Intelligent Automation & Soft Computing

Classification Similarity Network Model for Image Fusion Using Resnet50 and GoogLeNet

P. Siva Satya Sreedhar1,* and N. Nandhagopal2

1Faculty of Information and Communication Engineering, Anna University, Chennai, 600025, India
2Department of Electronics and Communication Engineering, Excel Engineering College, Namakkal, 637303, India
*Corresponding Author: P. Siva Satya Sreedhar. Email: sivasatyasreedhar@gmail.com
Received: 13 June 2021; Accepted: 14 July 2021

Abstract: The current trend in Image Fusion (IF) algorithms concentrate on the fusion process alone. However, pay less attention to critical issues such as the similarity between the two input images, features that participate in the Image Fusion. This paper addresses these two issues by deliberately attempting a new Image Fusion framework with Convolutional Neural Network (CNN). CNN has features like pre-training and similarity score, but functionalities are limited. A CNN model with classification prediction and similarity estimation are introduced as Classification Similarity Networks (CSN) to address these issues. ResNet50 and GoogLeNet are modified as the classification branches of CSN v1, CSN v2, respectively, to reduce feature dimensions. IF rules depend on the input dataset to fusion the extracted features. The output of the fusion process is fed into CSN v3 to improve the output image quality. The proposed CSN model is pre-trained and Fully Convolutional. At the time of IF, consider the similarities between the input images. This model applies to Multi-Focus, Multi-Modal Medical, Infrared-Visual and Multi-Exposure image datasets, and analyzed outcomes. The suggested model shows a significant improvement than the modern IF algorithms.
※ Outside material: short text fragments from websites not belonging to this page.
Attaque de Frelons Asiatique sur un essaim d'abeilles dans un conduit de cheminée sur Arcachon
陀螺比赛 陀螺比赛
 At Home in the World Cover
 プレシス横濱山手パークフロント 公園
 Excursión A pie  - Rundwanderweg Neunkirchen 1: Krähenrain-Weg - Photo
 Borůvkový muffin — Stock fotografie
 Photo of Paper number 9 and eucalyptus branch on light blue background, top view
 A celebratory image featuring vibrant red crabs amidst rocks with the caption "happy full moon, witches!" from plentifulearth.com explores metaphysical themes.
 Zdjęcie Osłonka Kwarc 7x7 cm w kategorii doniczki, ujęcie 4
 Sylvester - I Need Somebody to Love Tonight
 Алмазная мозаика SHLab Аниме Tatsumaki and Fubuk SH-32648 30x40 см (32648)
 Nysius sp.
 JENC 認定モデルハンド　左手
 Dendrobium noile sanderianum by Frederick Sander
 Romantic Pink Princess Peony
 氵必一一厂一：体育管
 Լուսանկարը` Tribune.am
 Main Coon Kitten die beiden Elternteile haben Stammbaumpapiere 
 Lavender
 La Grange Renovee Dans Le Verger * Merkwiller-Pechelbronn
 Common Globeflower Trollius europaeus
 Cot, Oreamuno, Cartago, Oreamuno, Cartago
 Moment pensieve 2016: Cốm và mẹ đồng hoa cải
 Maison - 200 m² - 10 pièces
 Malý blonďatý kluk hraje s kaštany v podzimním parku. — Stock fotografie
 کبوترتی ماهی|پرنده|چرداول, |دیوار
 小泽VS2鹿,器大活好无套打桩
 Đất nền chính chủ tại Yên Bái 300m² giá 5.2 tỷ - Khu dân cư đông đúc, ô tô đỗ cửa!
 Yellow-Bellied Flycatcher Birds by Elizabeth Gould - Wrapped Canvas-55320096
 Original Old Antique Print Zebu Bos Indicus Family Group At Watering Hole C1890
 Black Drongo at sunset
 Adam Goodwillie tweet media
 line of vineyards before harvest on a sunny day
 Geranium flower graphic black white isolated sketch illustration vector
Keywords: Image fusion; CNN; CSN; GoogLeNet; ResNet50

1  Introduction

Digital Image Processing (DIP) transforms an image into digital form by doing some operations to get an enhanced image or extract features [1]. In an image processing system, signals are two-dimensional, and signal processing techniques are applied [2]. For Image Enhancement, Image Fusion techniques are convenient. However, image Enhancement is subjective, i.e., only required features are to be enhanced. As a result, unnecessary information may be padding to the image. Therefore, most researchers concentrate on enhancing the image and overlooking Image Restoration, which is objective [3].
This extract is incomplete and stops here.